Permutations of a single number in the symmetric group

[Ted123]

Say we have the symmetric group $S_5$.

The permutations of $\{2,5\}$ are the identity $e$ and the transposition $(25)$.

But what are all the permutations of $\{3\}$? Is it $e$ and the 1-cycle $(3)$?

 

[Dick]

Say we have the symmetric group $S_5$.

The permutations of $\{2,5\}$ are the identity $e$ and the transposition $(25)$.

But what are all the permutations of $\{3\}$? Is it $e$ and the 1-cycle $(3)$?

What do you think would be the difference between e and (3)? Aren't they both the identity permutation?

 

[Ted123]

What do you think would be the difference between e and (3)?

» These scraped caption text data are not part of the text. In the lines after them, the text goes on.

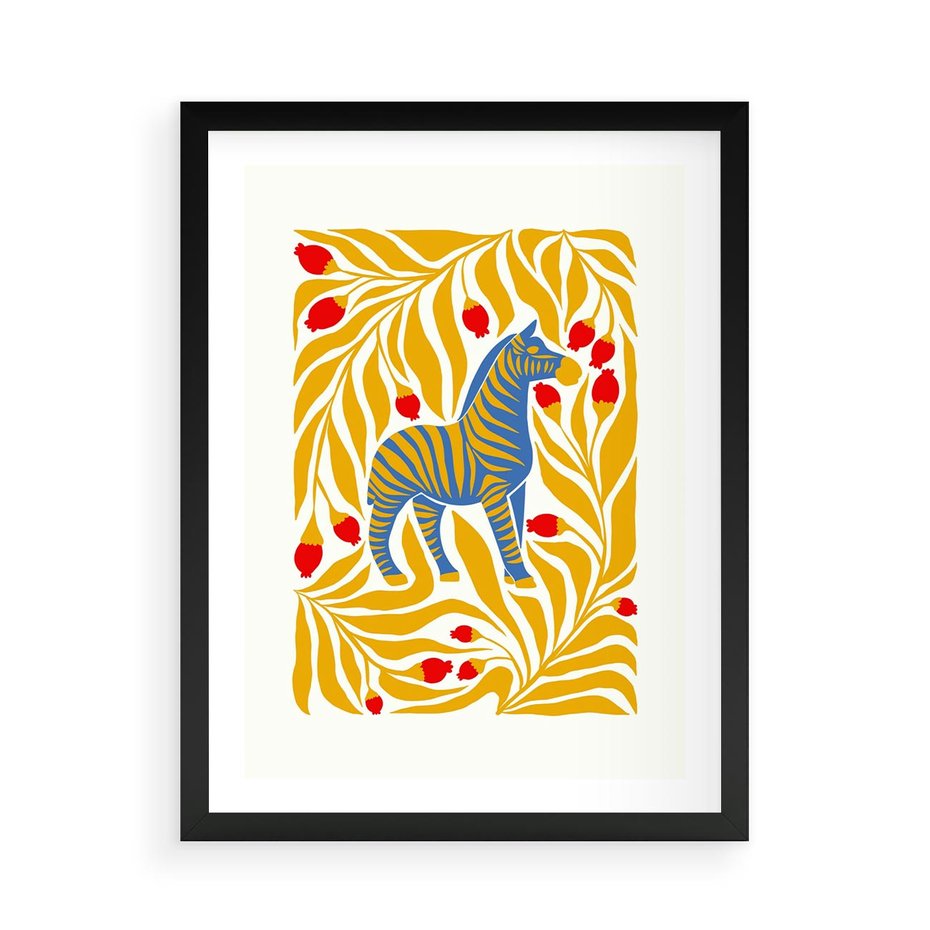 Plakat w ramie 50x70 - Zebra w Nowoczesności - abstrakcyjna nowoczesna grafika, pośrodku zebra - rama czarna
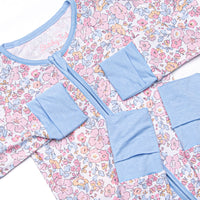 Sunset Florals Bamboo Zippy Pajama, Blue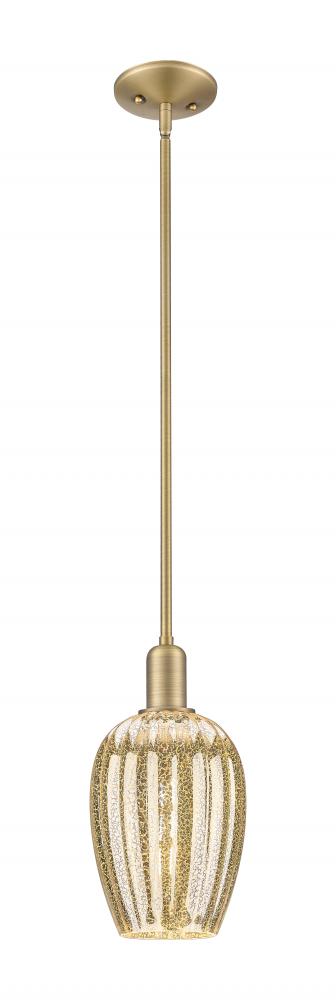 Preston Flute - 1 Light - 6 inch - Brushed Brass - Mini Pendant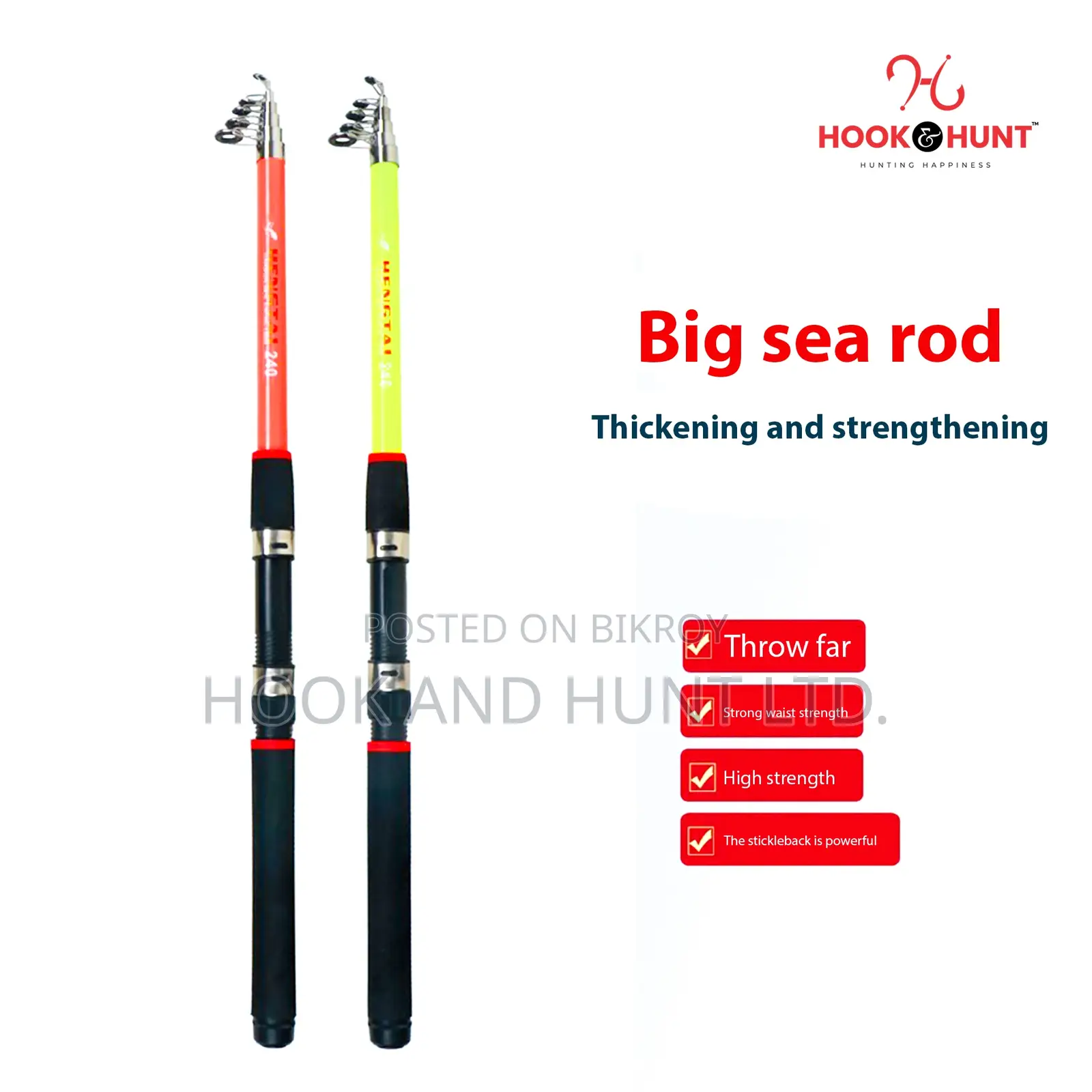 240 cm Fiberglass Sea Fishing Rod Super Hard Long Cast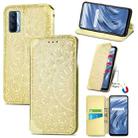 For OPPO Realme V15 5G Blooming Mandala Embossed Pattern Magnetic Horizontal Flip Leather Case with Holder & Card Slots & Wallet(Yellow) - 1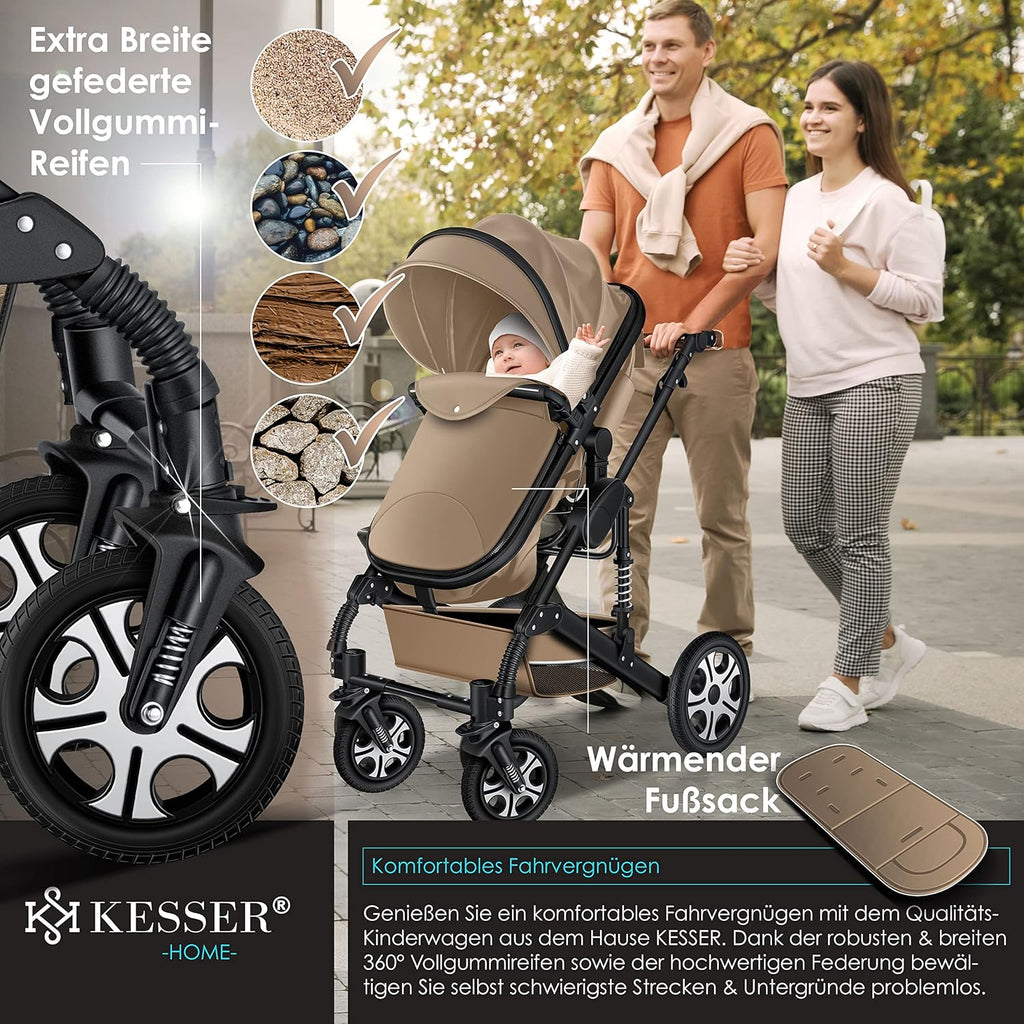 KESSER Loops 3 in 1 Kinderwagen Kombikinderwagen Komplett-Set inkl. Babywanne & Buggy Sportsitz & Auto-Babyschale Voll-Gummireifen Wickeltasche Regenschutz Kindertisch ECE R129, Schwarz/Champagne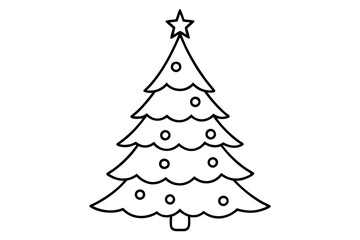 christmas tree line art silhouette vector illustration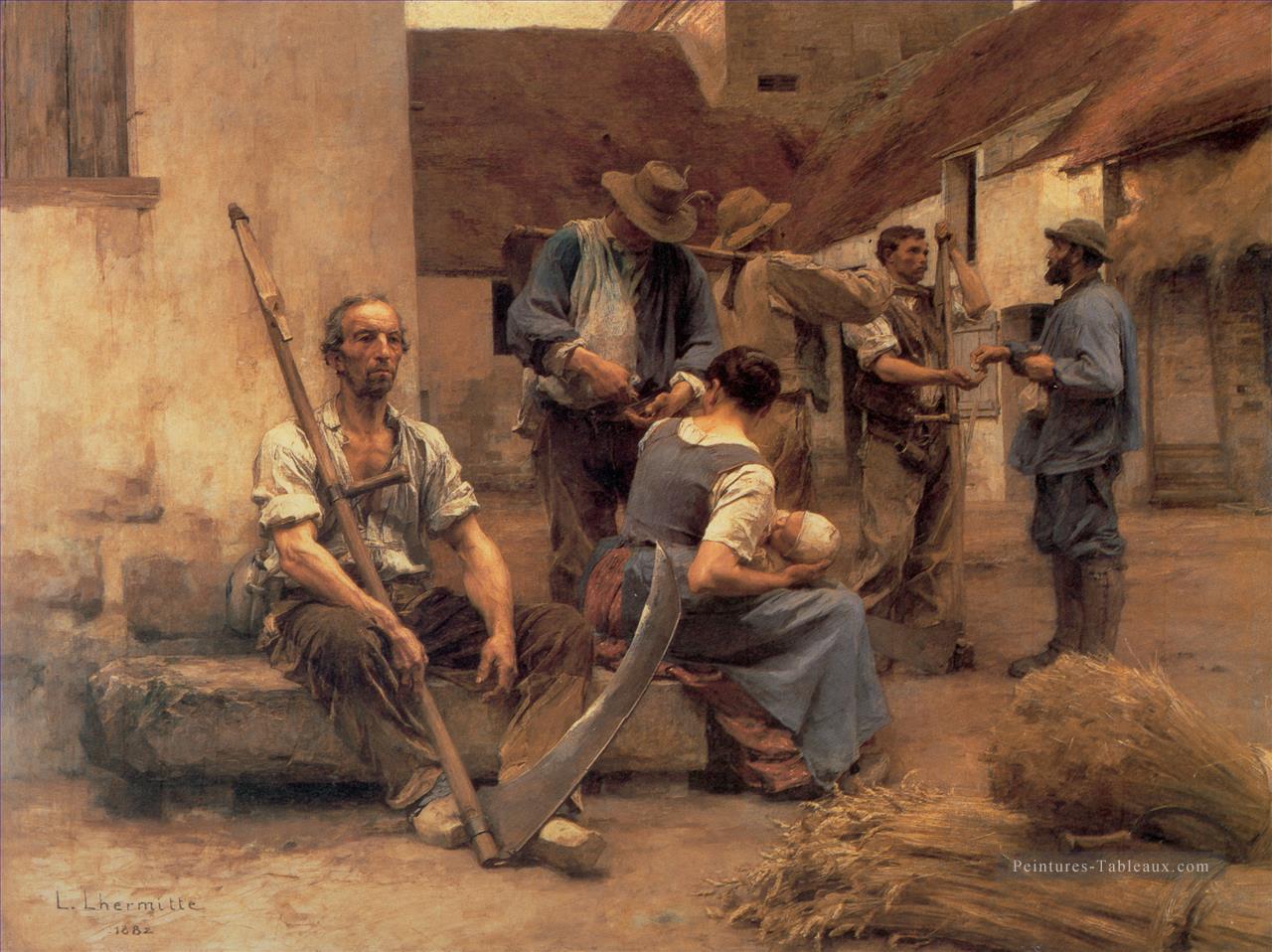 La Paye des moissonneurs scènes rurales paysan Léon Augustin Lhermitte Peintures à l'huile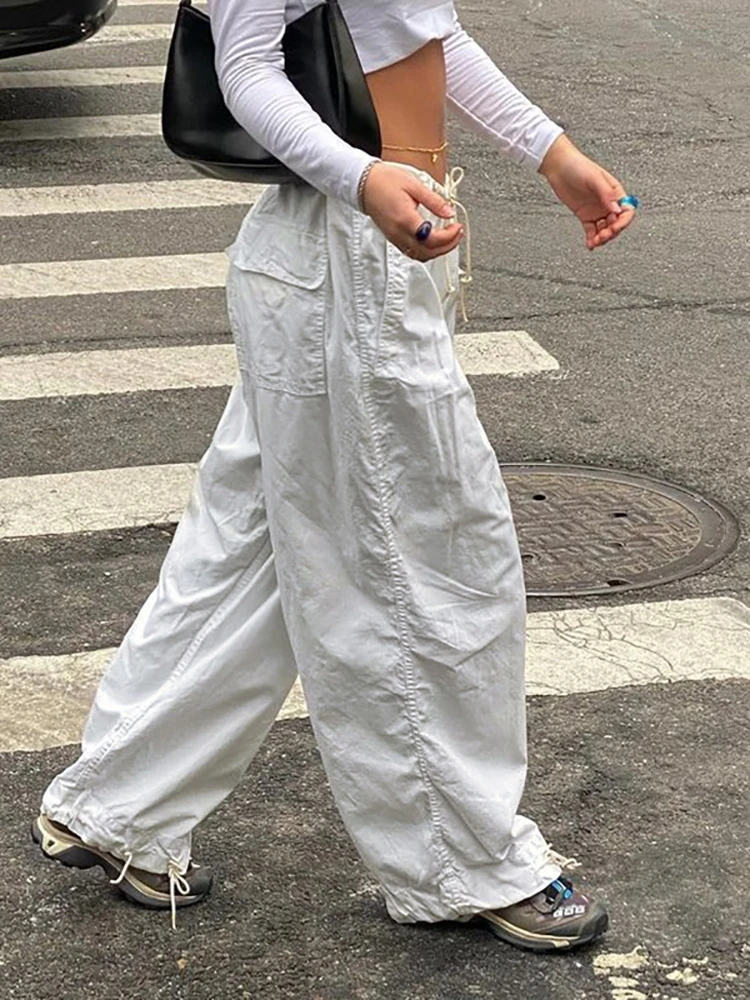 

Брюки Absobe женские эластичные с завязками, свободные повседневные Прямые тканевые брюки-трубы с низкой талией, уличная одежда, Y2K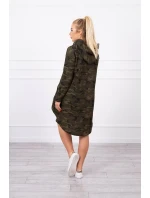 Moro khaki+zelené šaty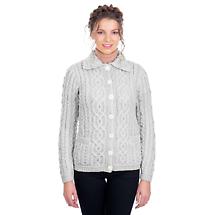Alternate image for Irish Cardigan | Cable Knit Merino Wool Button Ladies Cardigan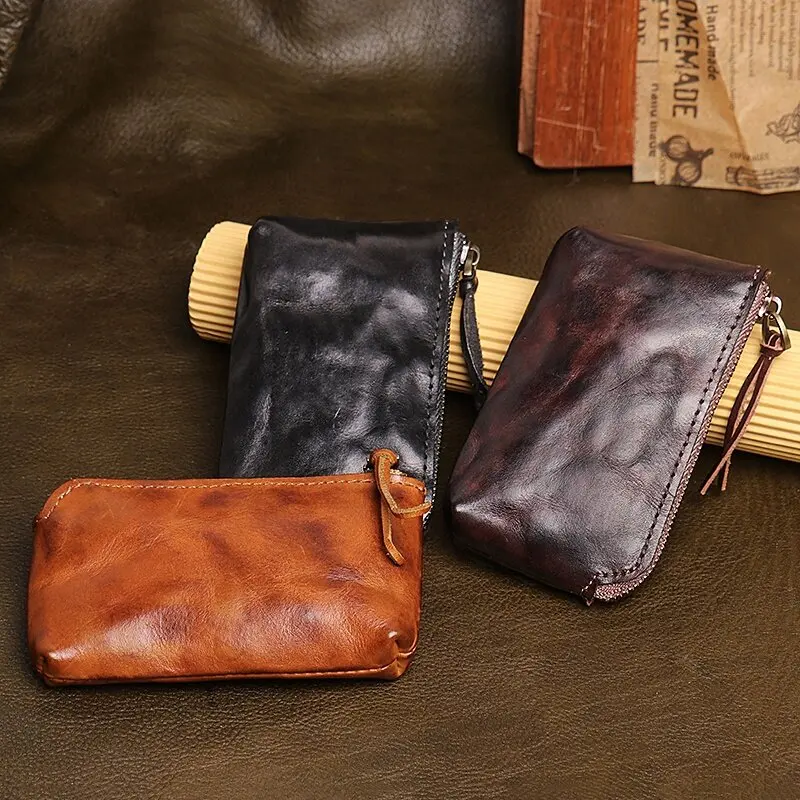 

Handmade Original Genuine Leather Short Coin Purse Wallet Male Zipper Simple Mini Small Purse Key Bag Coin Wallet Card Bag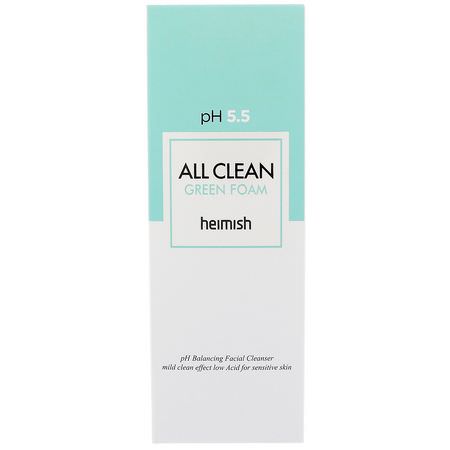 Cleanersers, Face Wash, K-Beauty Cleanse, Scrub: Heimish, All Clean Green Foam, Cleanser, 150 g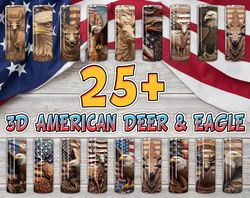 3d american deer and eagle tumbler png bundle, memorial day skinny tumbler png, 20oz straight and tarpered, instant down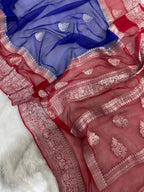 Royal Blue & Red Double Borders Pure Khaddi Chiffon Silk Banarasi Saree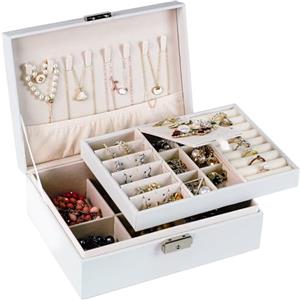 ADEL DREAM - Portagioie da donna e ragazza, forma rettangolare, piccolo portagioie per anelli, orecchini e collane (bianco 2)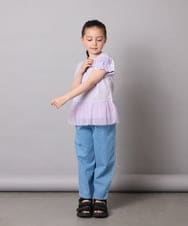 KJKFB06029 a.v.v KIDS(アー・ヴェ・ヴェ) [140]チュールドッキングリボンTシャツ ラベンダー
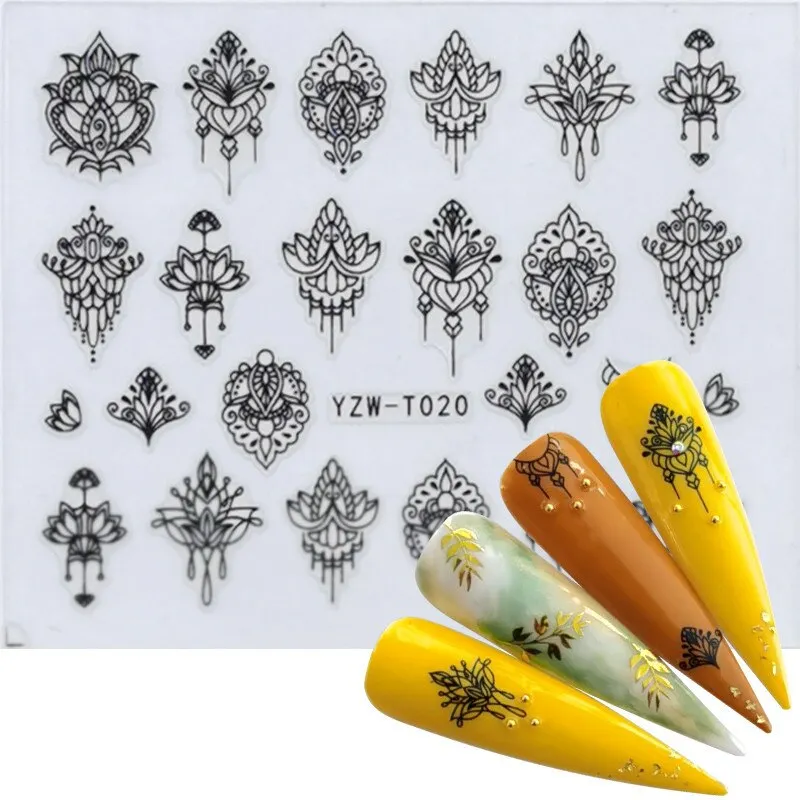 1 Sheet 3D Stickers For Nails Black Letter Leaf Flower Patterns Slider Nail Art Manicure Adhesive Tips Decals DIY Decorations-Nail Inspo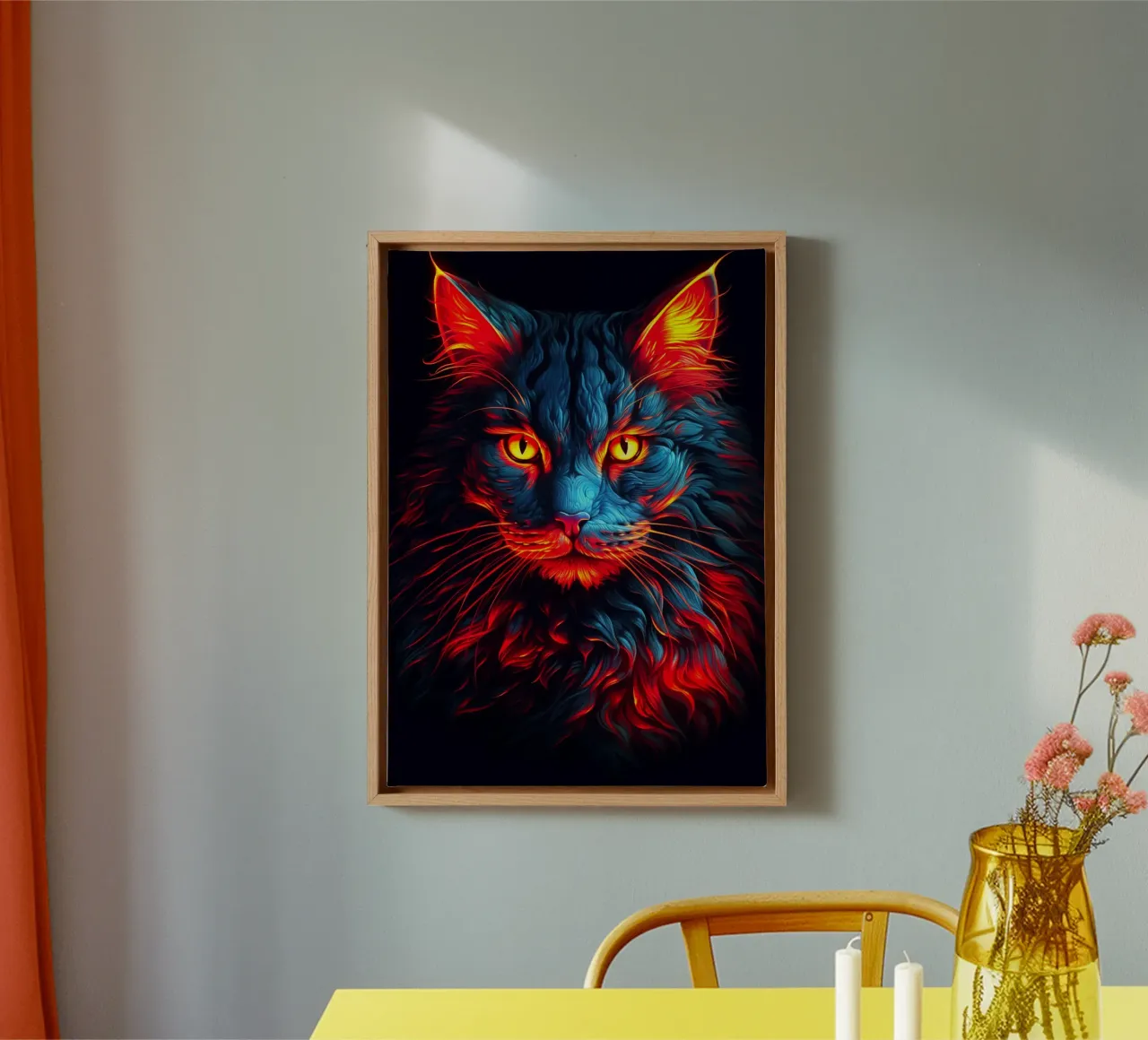 Neon Kat canvas met Baklijst van Stellar Creative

Aren't they both the identity permutation?

Oh yeah of course. You don't have to write 1-cycles in a permutation so $e=(1)(2)(3)(4)(5)=(1)=(2)=(3)=(4)=(5)=(1)(2)=(1)(3)$ etc.

 

[Dick]

Oh yeah of course. You don't have to write 1-cycles in a permutation so $e=(1)(2)(3)(4)(5)=(1)=(2)=(3)=(4)=(5)=(1)(2)=(1)(3)$ etc.

Right. The number of permutations on n elements is n!. So for 2 elements you have two permutations, for 1 element you have one.